Despite all the drama associated with modern dating , I find myself unwilling to give up on the quest for happily ever after because I refuse to resign myself to life as a sad spinster ( I enjoy taking the piss out of them to become one myself). Some may call me insane or a glutton for punishment. There are, after all, people who have different opinions on what ‘happily ever after’ actually entails. For traditionalists (like myself) who grew up believing life was a Disney fairytale, ‘happily ever after’ involves this epic story where a dashing Prince Charming swans in and sweeps you off your feet, after a few hiccups (even in Disneyland there are obstacles) and defying all odds you end up married living in a fabulous castle in the suburbs with a couple of stunning, clever, non-rebellious children. THE END. For others though, ‘happily ever after’ may not involve a prince or a significant other of any sort, the castle, or those sickly sweet kids – it may be more about avoiding the heartache and just plodding along in life alone.
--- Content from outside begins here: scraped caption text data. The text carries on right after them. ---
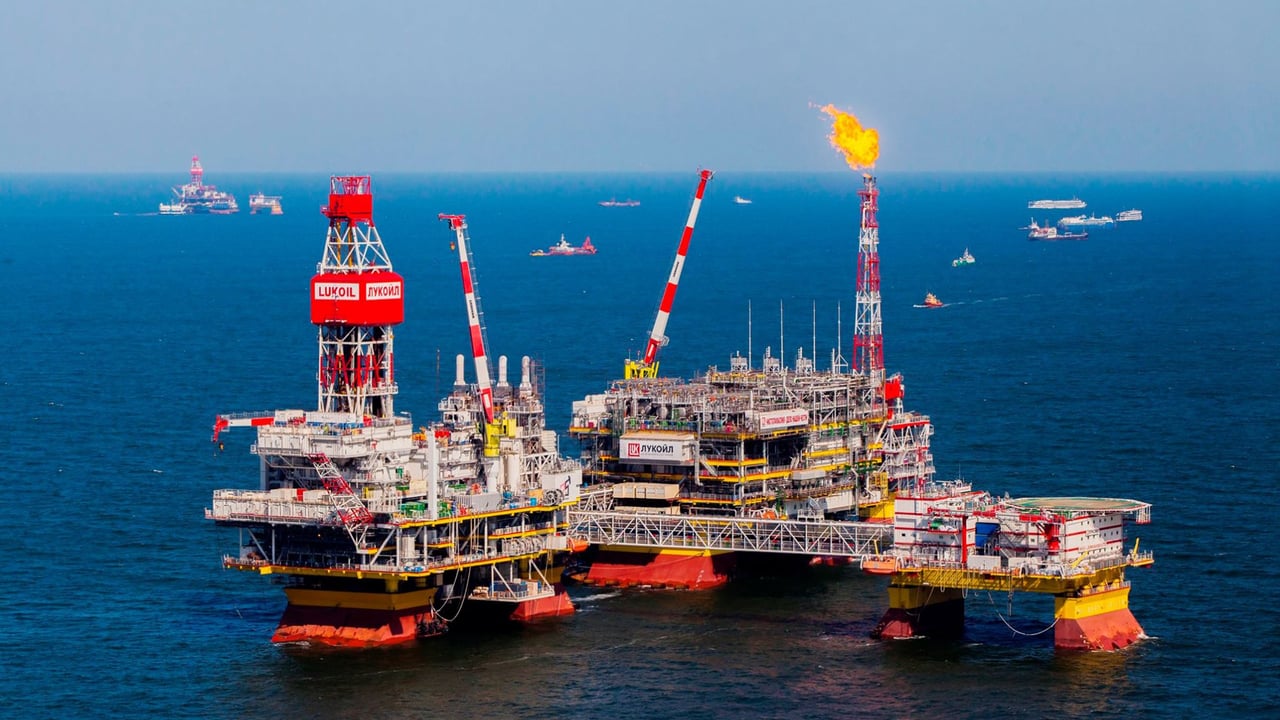 Pétrole : pourquoi ENI boude les actifs africains de Lukoil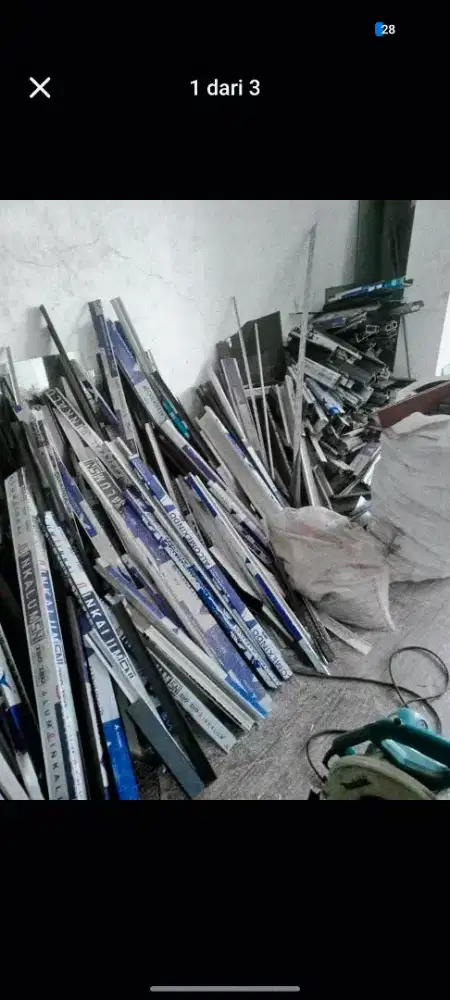Menerima jual beli barang bekas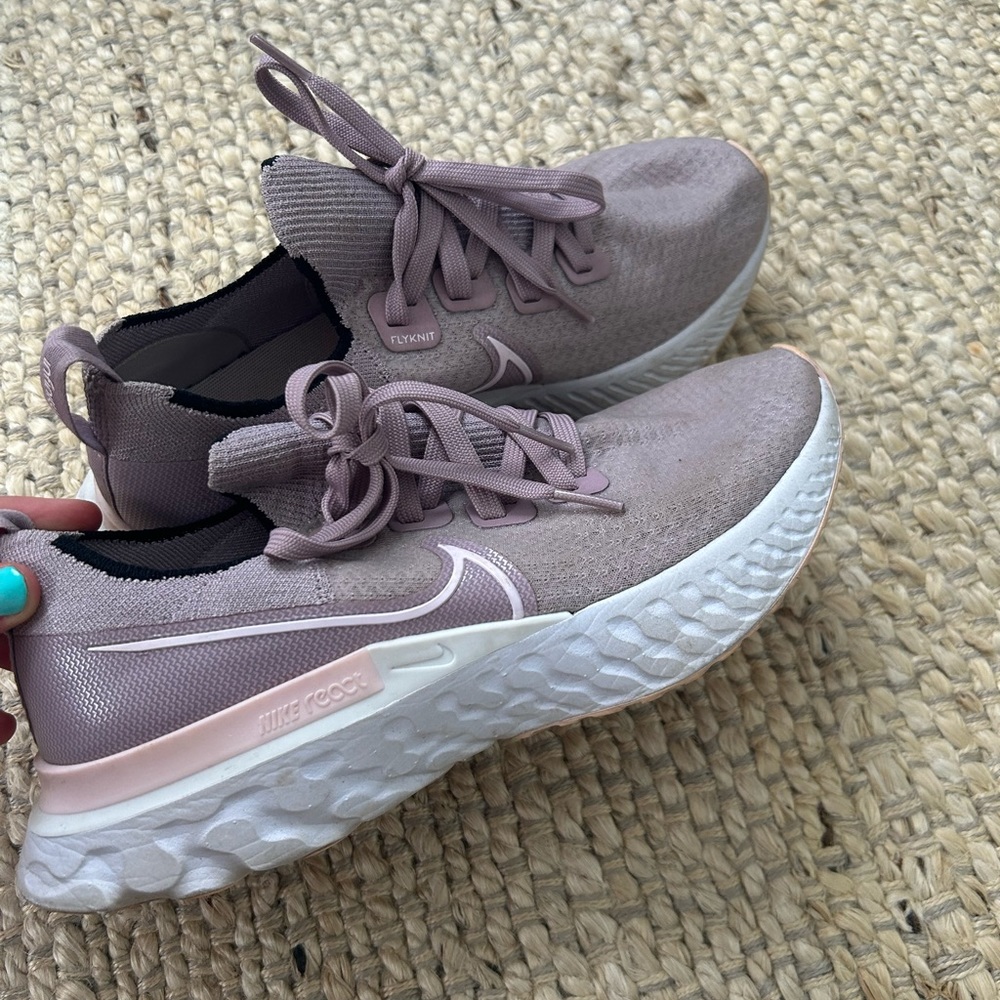 Nike sneakers lightly worn size 8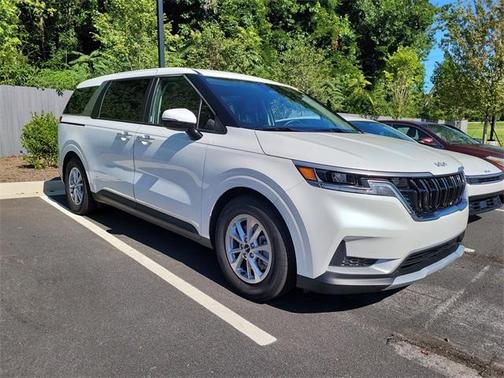 2024 Kia Carnival LX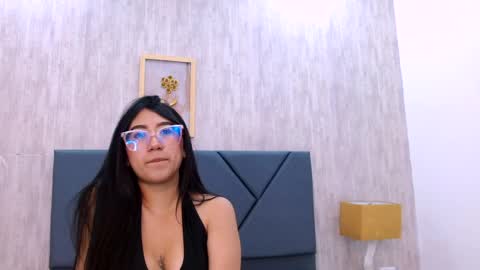 Snapshot of milarosee_ chatting on 05/21/26, 11:50 Mila Rose online show from 05/21/26, 11:50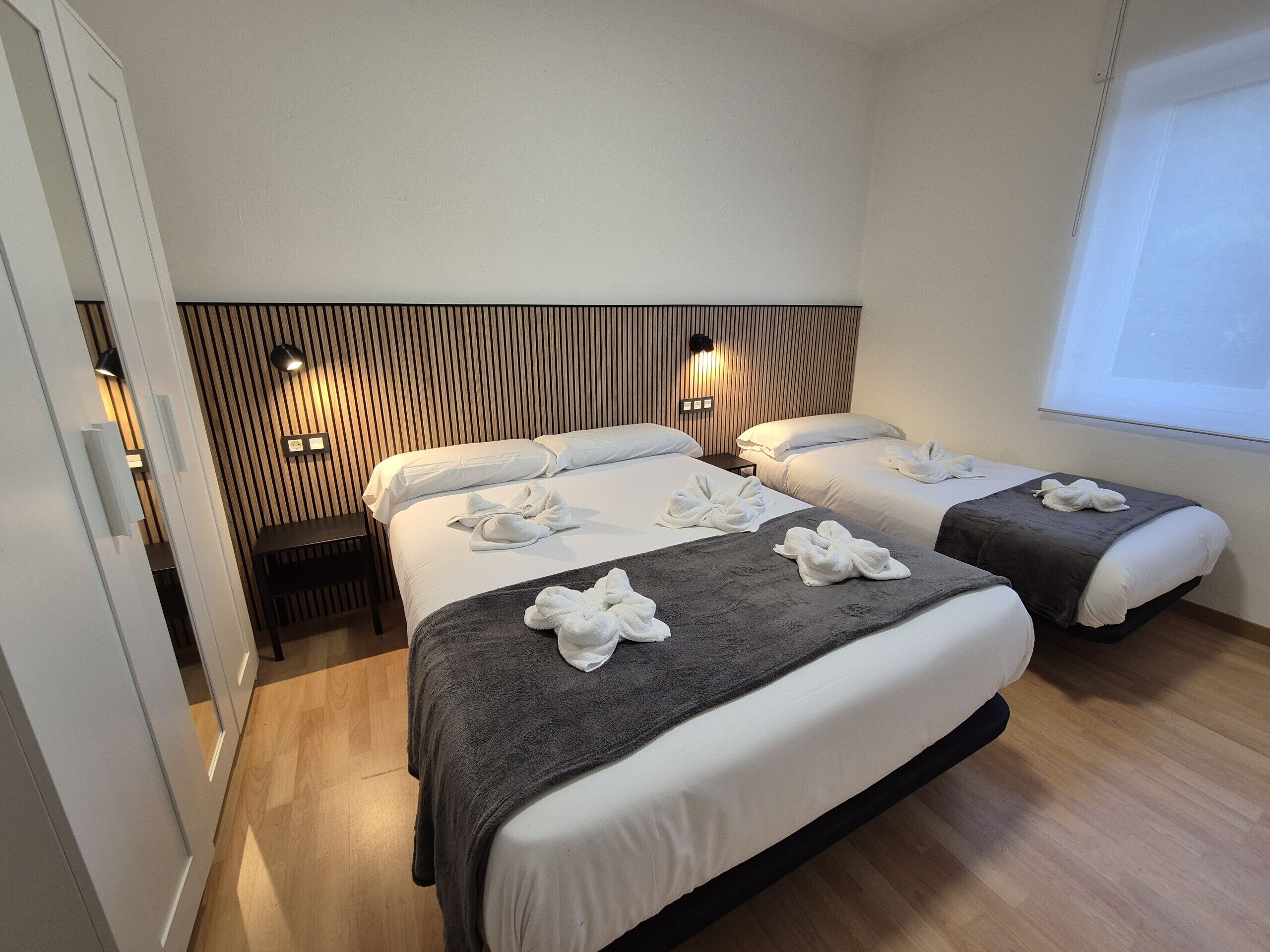 3 habitaciones, tabla de planchar con plancha y wifi gratis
Not so long ago, I was called out by a friend for saying that this whole life mission is a choice between life as sad spinster or happily ever after. Upon further reflection, I’ll admit that this was somewhat of a sweeping statement and, as with everything, there has to be shades of grey. Obviously, there are more than 2 alternatives for a chosen life path. Let’s take a look at few such examples:

Unhappily Married/In an Open Relationship

Despite what the pictures on Facebook tell us, not all those people who that have perfect white wedding have the perfect marriage which you’d expect to follow it.  While some people run a mile at the first sign of trouble, other believe so strongly in the sanctity of marriage that they’ll stick it out till the bitter end – whether that means arguing every day and sleeping in separate beds while putting on a brave face for the kids (and the rest of society) or living under the same roof but living separate lives and even turning a blind eye to one another’s sordid affairs.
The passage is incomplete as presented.